Our super awesome SCBWI WWA regional meetings started up again on Wednesday ending a summer of bonbon eating and horse race watching for me. Back to work! And meeting an acquiring editor is a great kick in the pants to start getting dummies and portfolio pieces in top shape and ready for submission.

Sarah Cloots, Editorial Assistant at Greenwillow Books, spent two days with our group doing smart First Page readings, manuscript critiques, and a wonderful main session talk. I'm so sad she left! Well-spoken, well-read, bright and funny. Too bad she can't stay in Seattle. But all the better for Manhattan. It is thrilling to see young new editors that really know their stuff and can quote Ursula Nordstrom. Boo-ya!

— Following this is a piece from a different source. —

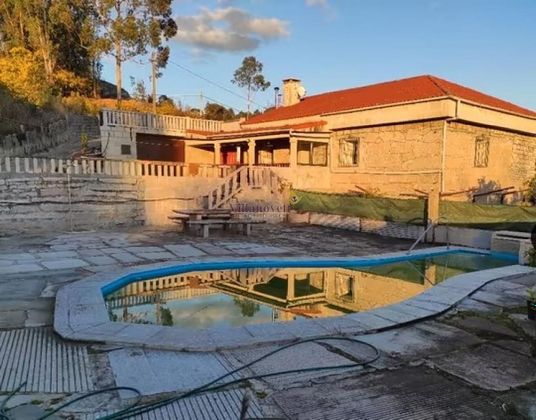 Foto 1 de Chalet en venta en Salceda de Caselas de 3 habitaciones con terraza y piscina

And I came away with a great new exercise thanks to Sarah:

We all know about the importance of fleshing out characters in our manuscripts by knowing their extensive back stories. And I do character sketches--front, back, profile, three-quarter view--when I'm drawing my characters. But I've always contained my other practice sketches to what is happening in the manuscript.

Sarah gave us two 3 minute exercises during the meeting and one of them was to think of scenarios in which your character wouldn't be comfortable and envision their reactions. She asked us to write or draw this for three minutes. DRAW! Am I a thick thickie? Why didn't I ever think of that? We sort of did that in cartoon school, but it never occured to me to reach outside of my picture book story confines and draw my characters in a different situation.

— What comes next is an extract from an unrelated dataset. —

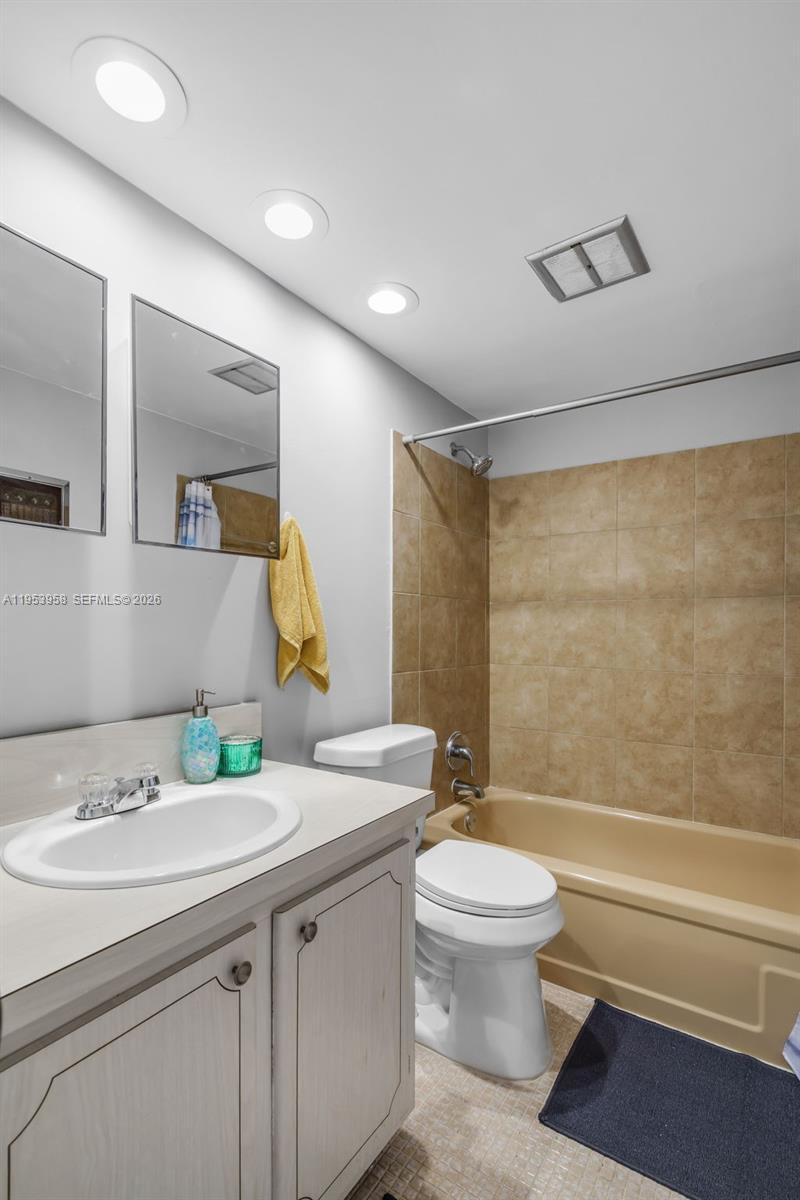 PARADISE BY THE SEA CONDO - Residential Lease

So I thought of my character Tess, a Rosie-the-Riveter-esque big sister. She's very comfortable battling giants and rebuilding houses and wearing overalls. But stick her in a frilly frock and send her to a formal high tea and I'm sure she'd be completely out of her element. Add a snooty Chanel clad socialite requesting a tea refill and Tess would surely grab the entire samovar and lug it over instead of finding a demure tea pot or taking the tea cup TO the samovar as is (I assume) custom.

Tesstea.jpg

What fun! It is just a sketch, but this opens up lots of future plot possibilities to me and let's me know more about Tess. I owe Sarah a cupcake.